Es ist bereits zweifelhaft, ob die Auffassung des Verwaltungsgerichts, dass die Zusicherungen aus dem Auslieferungsverfahren auch im Falle einer Abschiebung des Beschwerdeführers weiterhin Geltung beanspruchen, rechtlich vertretbar ist. Insbesondere die Zusicherungen, dass Beamte der Deutschen Botschaft berechtigt sein würden, den Beschwerdeführer zwecks Kontrolle der Einhaltung der Verfahrens- und Haftgewährleistungen jederzeit zu besuchen, dass deutsche Konsularbeamte bei den Gerichtsverhandlungen anwesend sein und das Gerichtsverfahren beobachten dürften und dass der Botschaft oder dem entsprechenden deutschen Generalkonsulat in Russland nach Abschluss des Verfahrens auf Anfrage eine Kopie der endgültigen prozessualen Entscheidung übermittelt werde, knüpfen ersichtlich an die Zuständigkeit des Auswärtigen Amtes für den Fall des Beschwerdeführers an. Diese ist nur im Falle der Auslieferung, nicht aber im Falle der Abschiebung des Beschwerdeführers gegeben.
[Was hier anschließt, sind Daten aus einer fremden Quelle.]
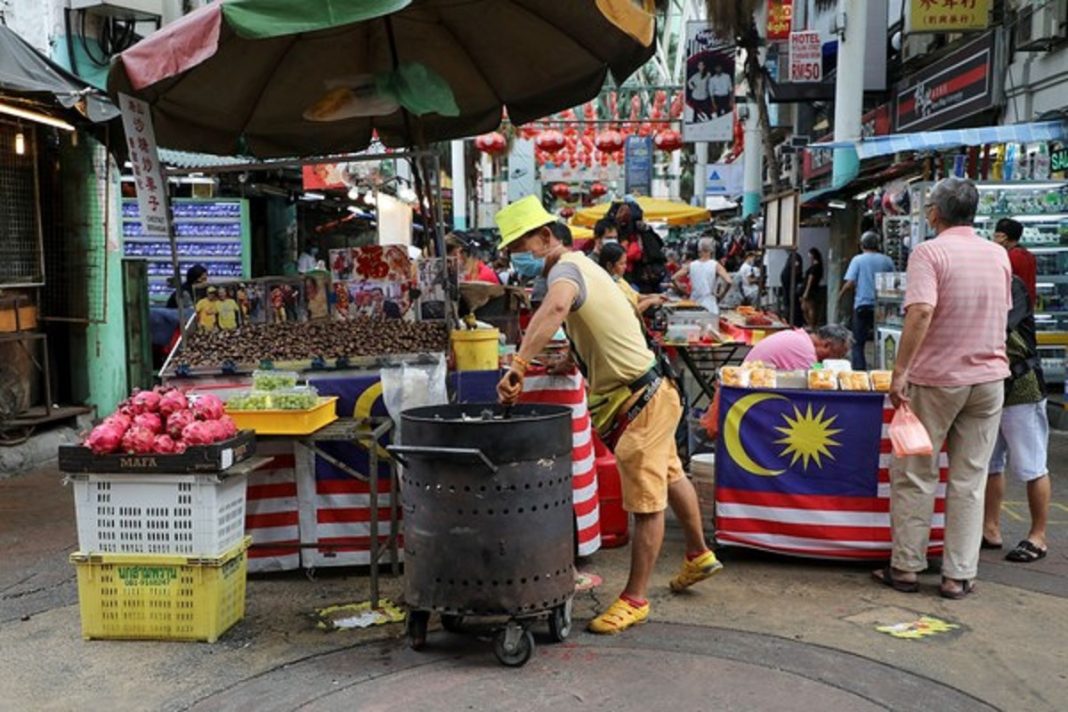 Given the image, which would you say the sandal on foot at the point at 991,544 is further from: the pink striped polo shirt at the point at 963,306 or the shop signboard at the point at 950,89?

Das Verwaltungsgericht hat sich jedenfalls mit der entscheidungserheblichen Frage, welche Situation den Beschwerdeführer im Fall einer Abschiebung in die Russische Föderation tatsächlich erwartet – konkret, welchen Inhalt die von den russischen Behörden erteilten Zusicherungen haben und ob sie belastbar sind –, nicht auseinandergesetzt. Es hat die Voraussetzungen für ein Wiederaufgreifen im weiteren Sinne nach § 51 Abs. 5 in Verbindung mit §§ 48, 49 VwVfG nicht hinreichend geprüft und dem Beschwerdeführer damit effektiven (Eil-) Rechtsschutz verwehrt.

Nach der Rechtsprechung des Bundesverwaltungsgerichts ist das Ermessen nach § 51 Abs. 5 VwVfG in Verbindung mit §§ 48, 49 VwVfG, das Verfahren auch dann wieder aufzunehmen, wenn und soweit die Voraussetzungen für ein Wiederaufgreifen nach § 51 Abs. 1 bis 3 VwVfG nicht gegeben sind, dann auf Null reduziert, wenn der Ausländer durch die Abschiebung einer extremen, individuellen Gefahrensituation ausgesetzt werden würde, das Absehen von der Abschiebung daher verfassungsrechtlich zwingend geboten ist und ein Festhalten an der bestandskräftigen negativen Entscheidung über das Abschiebungsverbot zu einem schlechthin unerträglichen Ergebnis führen würde.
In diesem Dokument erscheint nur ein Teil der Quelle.